▶ Extracted material:
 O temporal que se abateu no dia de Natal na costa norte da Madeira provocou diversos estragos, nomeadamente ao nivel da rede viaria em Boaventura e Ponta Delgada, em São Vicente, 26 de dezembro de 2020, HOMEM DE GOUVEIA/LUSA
...
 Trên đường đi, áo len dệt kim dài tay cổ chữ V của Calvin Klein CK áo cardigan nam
==
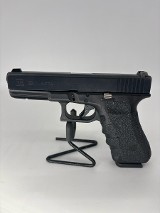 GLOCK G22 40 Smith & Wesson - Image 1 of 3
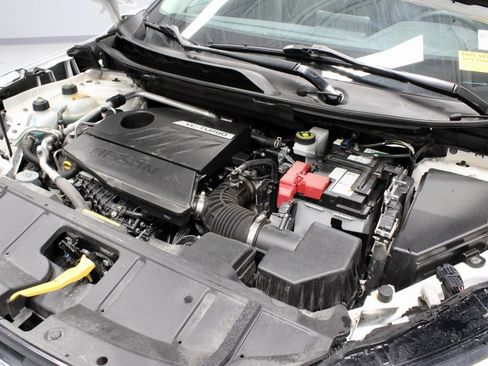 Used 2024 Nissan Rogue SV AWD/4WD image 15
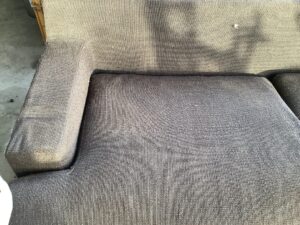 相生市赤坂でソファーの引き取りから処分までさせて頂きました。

▶ Task goal: Since the pictures are not part of the copy, please transcribe only the lines above from the one with "Used 2024 Nissan Rogue SV AWD/4WD image 15" through the one with "相生市赤坂でソファーの引き取りから処分までさせて頂きました。", exactly and with both ends.

▶ The answer:
 Used 2024 Nissan Rogue SV AWD/4WD image 15
 相生市赤坂でソファーの引き取りから処分までさせて頂きました。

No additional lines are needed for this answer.